What is the USTR’s current position on Section 3(d)?
The Office of the United States Trade Representative has maintained India on its Priority Watch List in multiple annual Special 301 Reports, citing Section 3(d)’s restrictions on patent-eligible subject matter as a significant IP concern. PhRMA’s 2025 Special 301 submission reiterated these concerns. The US government position is that Section 3(d) creates major obstacles for US pharmaceutical innovators and departs from international IP norms. India’s position is that the provision is TRIPS-compliant, domestically developed through democratic legislative processes, and essential to public health goals. No bilateral free trade agreement between the US and India is in force that would require modification of Section 3(d), and the provision’s deep political support in India across party lines makes legislative amendment politically unlikely regardless of trade negotiation outcomes.
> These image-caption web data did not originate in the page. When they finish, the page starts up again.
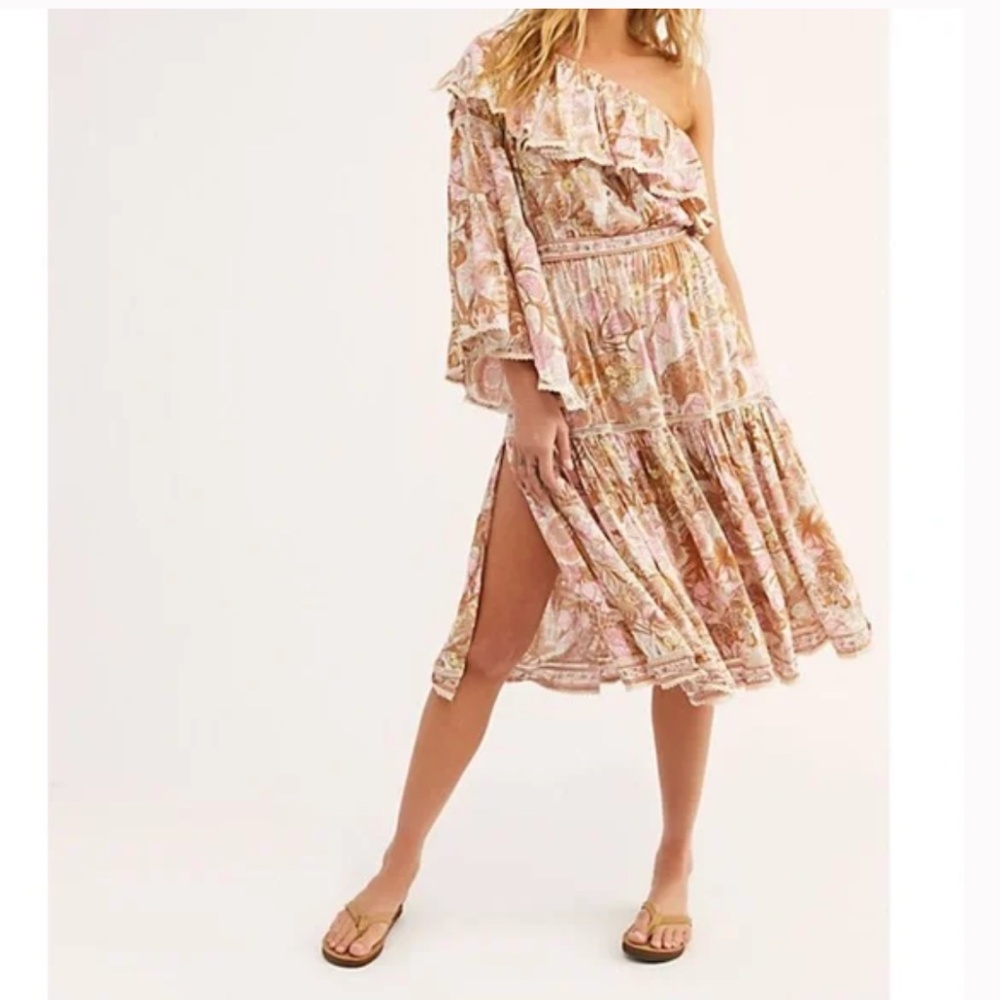 SPELL "Jungle" One-Shoulder Floral Print Midi Dress EUC/sz: XS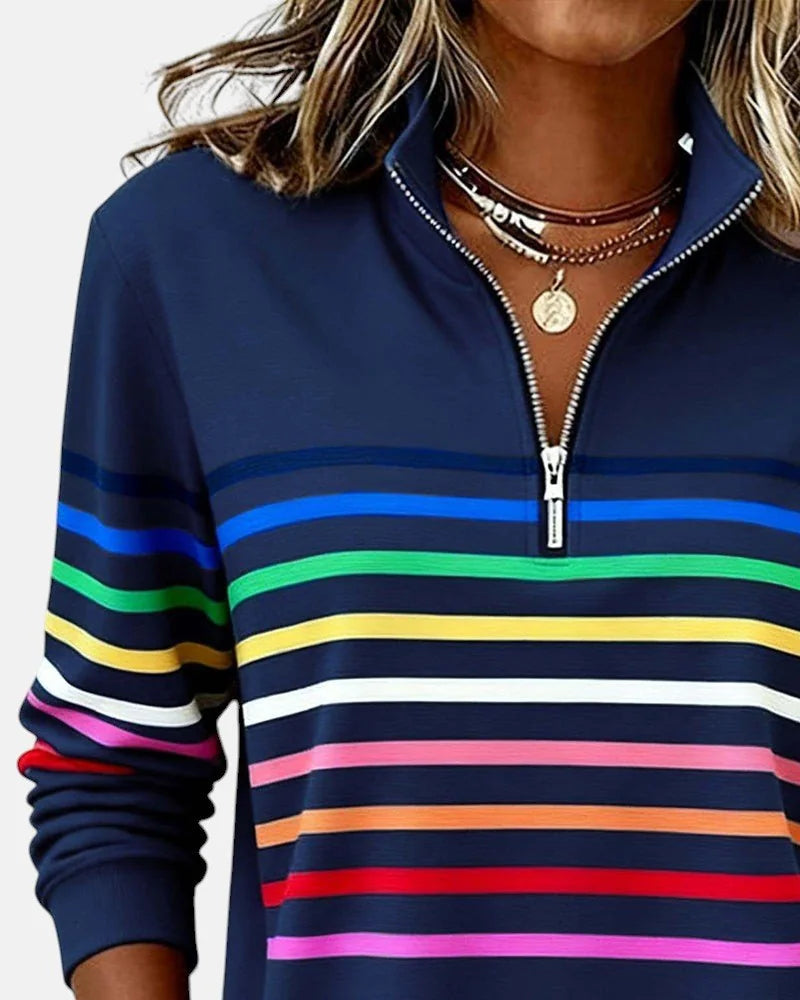 Women's Striped Quarter Zip Sweatshirt with Relaxed Fit & Ribbed Collar - Close Up Neckline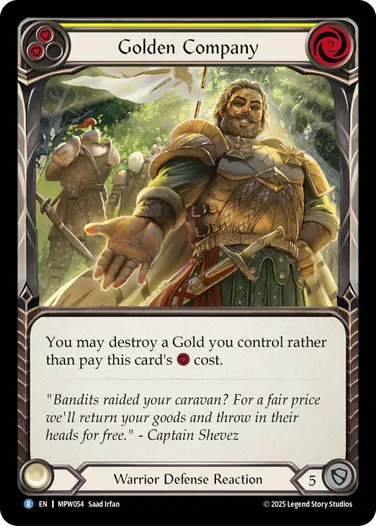 【EN】《Rainbow Foil》[Warrior] Golden Company/黄金傭兵団 (黄)「R」〔MPW054〕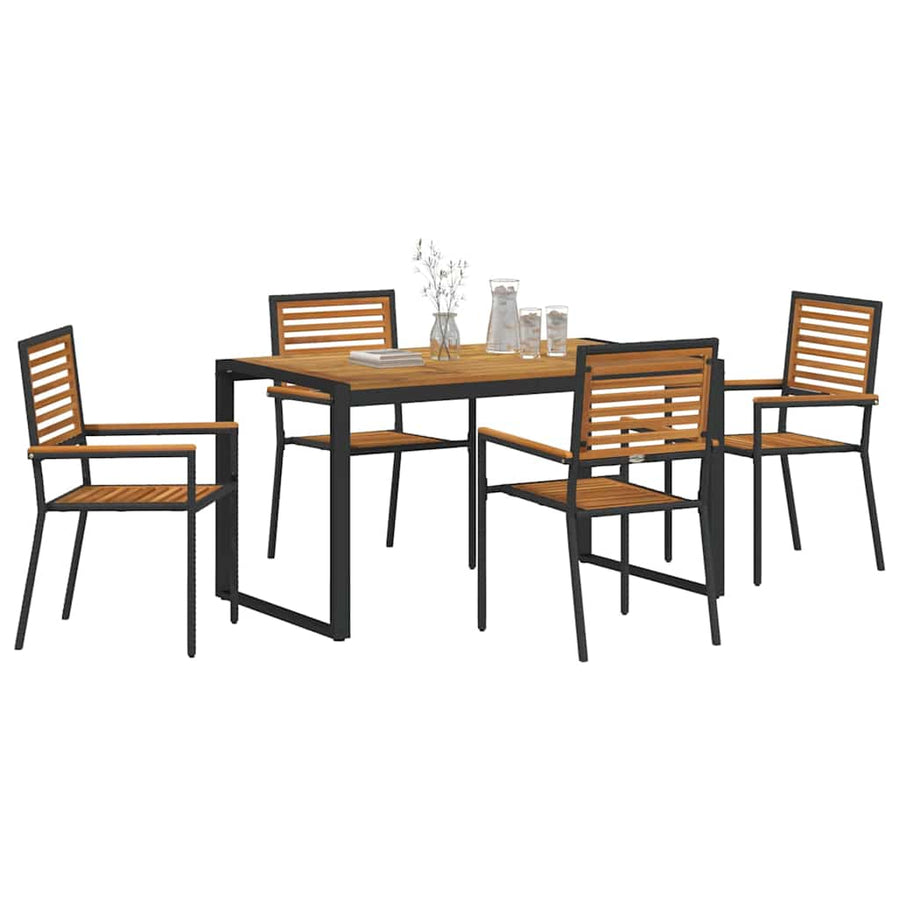 Tuin eettafelset 5 pcs Zwart en Bruin poly rattan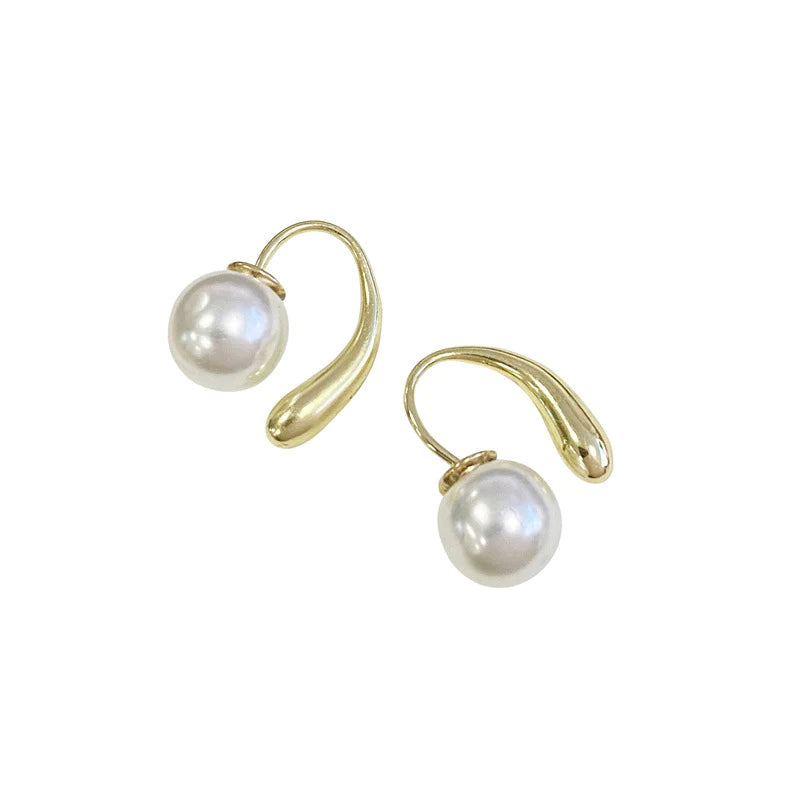 Presentski Pearl Earrings Women's Fashion Simple Temperament Ear Hook TE043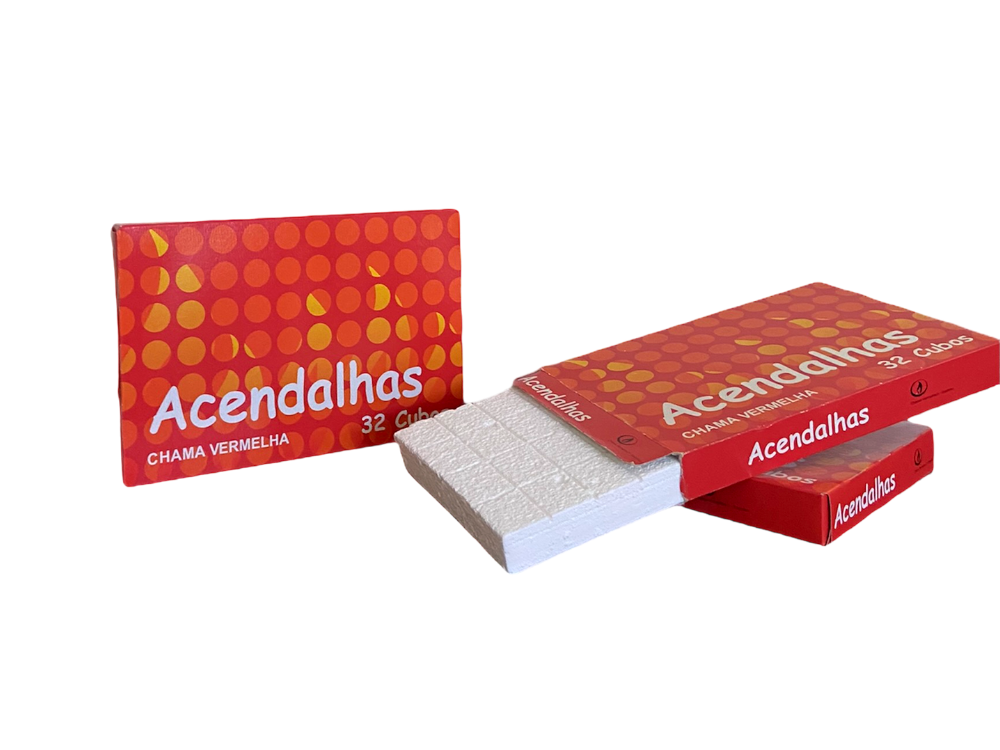 White Paraffin Firelighters Chama Vermelha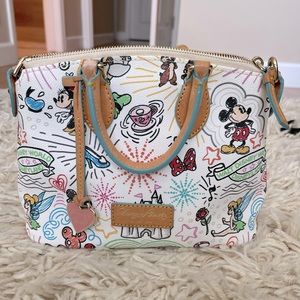 Disney x Dooney & Burke sketch crossbody bag with gold hardware and extra strap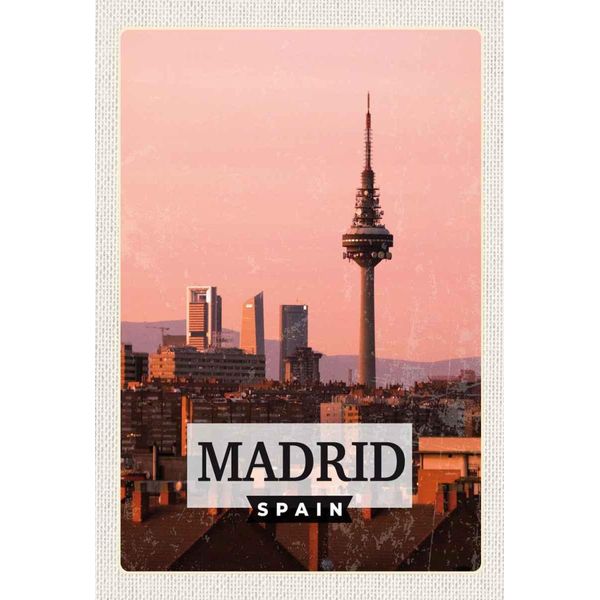 Vianmo Insegna In Legno 30X20 Cm Madrid Spanien Retro Architektur-image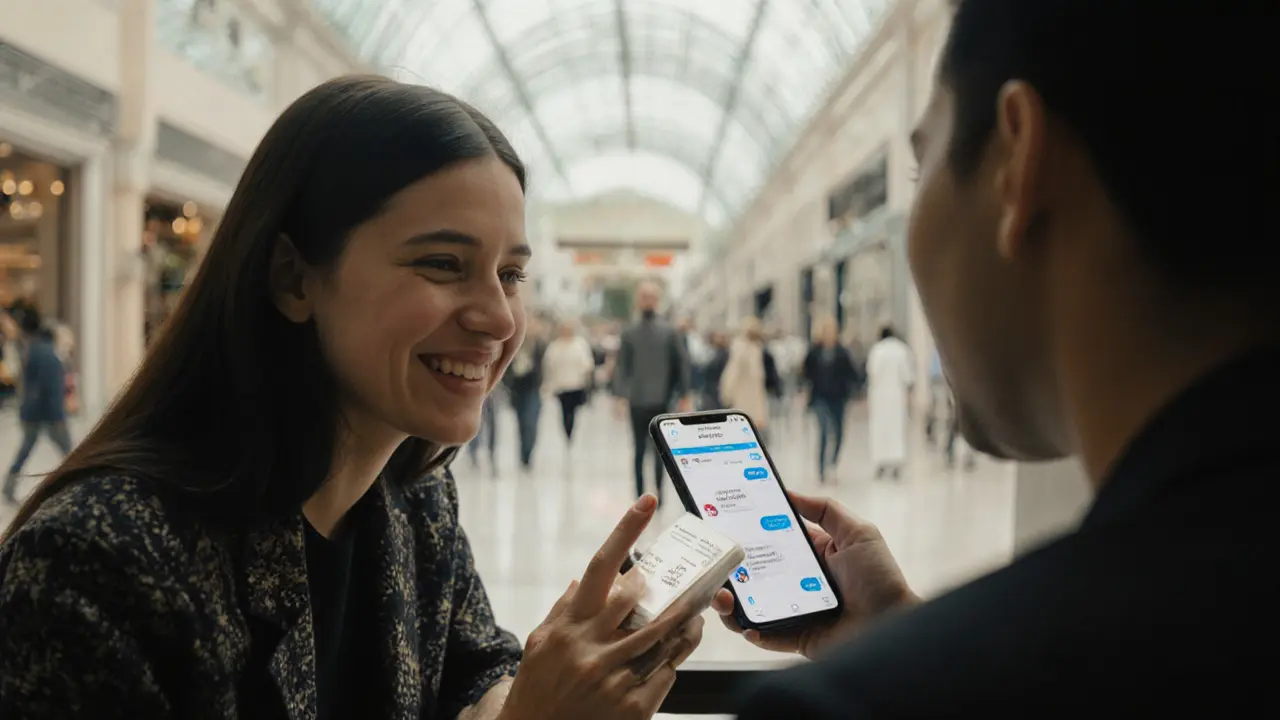 Two people meeting cautiously in a Dubai Mall coffee shop, exchanging a reassuring glance in public yet private silence.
This pillar page draws on public court records, IPO examination data from academic analyses including Sampat and Shadlen (PLOS ONE, 2018), WIPO statistics, PhRMA and USTR public submissions, and publicly available prosecution histories. It does not constitute legal advice. IP teams and institutional investors should engage qualified Indian patent counsel for specific asset analysis.
Last substantively updated: March 2026.